Figure 10.6. Solomon four-group design

Switched replication design . This is a two-group design implemented in two phases with three waves of measurement. The treatment group in the first phase serves as the control group in the second phase, and the control group in the first phase becomes the treatment group in the second phase, as illustrated in Figure 10.7. In other words, the original design is repeated or replicated temporally with treatment/control roles switched between the two groups. By the end of the study, all participants will have received the treatment either during the first or the second phase. This design is most feasible in organizational contexts where organizational programs (e.g., employee training) are implemented in a phased manner or are repeated at regular intervals.

research study field experiment

Figure 10.7. Switched replication design.

Quasi-Experimental Designs

Quasi-experimental designs are almost identical to true experimental designs, but lacking one key ingredient: random assignment. For instance, one entire class section or one organization is used as the treatment group, while another section of the same class or a different organization in the same industry is used as the control group. This lack of random assignment potentially results in groups that are non-equivalent, such as one group possessing greater mastery of a certain content than the other group, say by virtue of having a better teacher in a previous semester, which introduces the possibility of selection bias . Quasi-experimental designs are therefore inferior to true experimental designs in interval validity due to the presence of a variety of selection related threats such as selection-maturation threat (the treatment and control groups maturing at different rates), selection-history threat (the treatment and control groups being differentially impact by extraneous or historical events), selection-regression threat (the treatment and control groups regressing toward the mean between pretest and posttest at different rates), selection-instrumentation threat (the treatment and control groups responding differently to the measurement), selection-testing (the treatment and control groups responding differently to the pretest), and selection-mortality (the treatment and control groups demonstrating differential dropout rates). Given these selection threats, it is generally preferable to avoid quasi-experimental designs to the greatest extent possible.

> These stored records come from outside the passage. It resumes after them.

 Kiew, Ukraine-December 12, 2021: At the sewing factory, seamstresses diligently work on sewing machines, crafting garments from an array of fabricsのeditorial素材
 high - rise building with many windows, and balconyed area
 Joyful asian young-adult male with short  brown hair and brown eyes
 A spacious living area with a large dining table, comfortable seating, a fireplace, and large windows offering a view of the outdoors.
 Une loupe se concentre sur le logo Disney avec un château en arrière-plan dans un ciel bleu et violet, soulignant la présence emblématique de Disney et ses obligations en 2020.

Many true experimental designs can be converted to quasi-experimental designs by omitting random assignment. For instance, the quasi-equivalent version of pretest-posttest control group design is called nonequivalent groups design (NEGD), as shown in Figure 10.8, with random assignment R replaced by non-equivalent (non-random) assignment N . Likewise, the quasi -experimental version of switched replication design is called non-equivalent switched replication design (see Figure 10.9).

research study field experiment

Figure 10.8. NEGD design.

research study field experiment

Figure 10.9. Non-equivalent switched replication design.

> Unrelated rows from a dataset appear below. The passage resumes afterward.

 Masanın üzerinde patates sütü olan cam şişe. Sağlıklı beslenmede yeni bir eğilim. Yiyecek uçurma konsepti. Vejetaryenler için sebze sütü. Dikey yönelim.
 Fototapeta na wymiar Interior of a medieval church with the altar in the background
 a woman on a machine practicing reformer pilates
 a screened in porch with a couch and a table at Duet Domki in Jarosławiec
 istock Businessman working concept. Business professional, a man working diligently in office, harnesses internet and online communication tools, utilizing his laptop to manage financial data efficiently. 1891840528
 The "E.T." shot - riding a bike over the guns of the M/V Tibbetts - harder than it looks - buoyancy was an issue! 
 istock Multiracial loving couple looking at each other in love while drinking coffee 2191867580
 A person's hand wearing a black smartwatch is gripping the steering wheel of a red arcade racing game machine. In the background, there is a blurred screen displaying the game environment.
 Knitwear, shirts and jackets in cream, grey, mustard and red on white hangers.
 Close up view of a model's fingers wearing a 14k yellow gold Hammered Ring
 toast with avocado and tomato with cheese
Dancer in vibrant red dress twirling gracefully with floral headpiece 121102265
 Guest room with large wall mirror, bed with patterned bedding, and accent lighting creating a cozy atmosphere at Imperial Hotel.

In addition, there are quite a few unique non -equivalent designs without corresponding true experimental design cousins. Some of the more useful of these designs are discussed next.

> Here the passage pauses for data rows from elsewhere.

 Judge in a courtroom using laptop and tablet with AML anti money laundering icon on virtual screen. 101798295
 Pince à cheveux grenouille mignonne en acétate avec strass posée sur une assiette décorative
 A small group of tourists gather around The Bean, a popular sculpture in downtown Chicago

Regression-discontinuity (RD) design . This is a non-equivalent pretest-posttest design where subjects are assigned to treatment or control group based on a cutoff score on a preprogram measure. For instance, patients who are severely ill may be assigned to a treatment group to test the efficacy of a new drug or treatment protocol and those who are mildly ill are assigned to the control group. In another example, students who are lagging behind on standardized test scores may be selected for a remedial curriculum program intended to improve their performance, while those who score high on such tests are not selected from the remedial program. The design notation can be represented as follows, where C represents the cutoff score:

research study field experiment

Figure 10.10. RD design.

Because of the use of a cutoff score, it is possible that the observed results may be a function of the cutoff score rather than the treatment, which introduces a new threat to internal validity. However, using the cutoff score also ensures that limited or costly resources are distributed to people who need them the most rather than randomly across a population, while simultaneously allowing a quasi-experimental treatment. The control group scores in the RD design does not serve as a benchmark for comparing treatment group scores, given the systematic non-equivalence between the two groups. Rather, if there is no discontinuity between pretest and posttest scores in the control group, but such a discontinuity persists in the treatment group, then this discontinuity is viewed as evidence of the treatment effect.

Proxy pretest design . This design, shown in Figure 10.11, looks very similar to the standard NEGD (pretest-posttest) design, with one critical difference: the pretest score is collected after the treatment is administered. A typical application of this design is when a researcher is brought in to test the efficacy of a program (e.g., an educational program) after the program has already started and pretest data is not available. Under such circumstances, the best option for the researcher is often to use a different prerecorded measure, such as students’ grade point average before the start of the program, as a proxy for pretest data. A variation of the proxy pretest design is to use subjects’ posttest recollection of pretest data, which may be subject to recall bias, but nevertheless may provide a measure of perceived gain or change in the dependent variable.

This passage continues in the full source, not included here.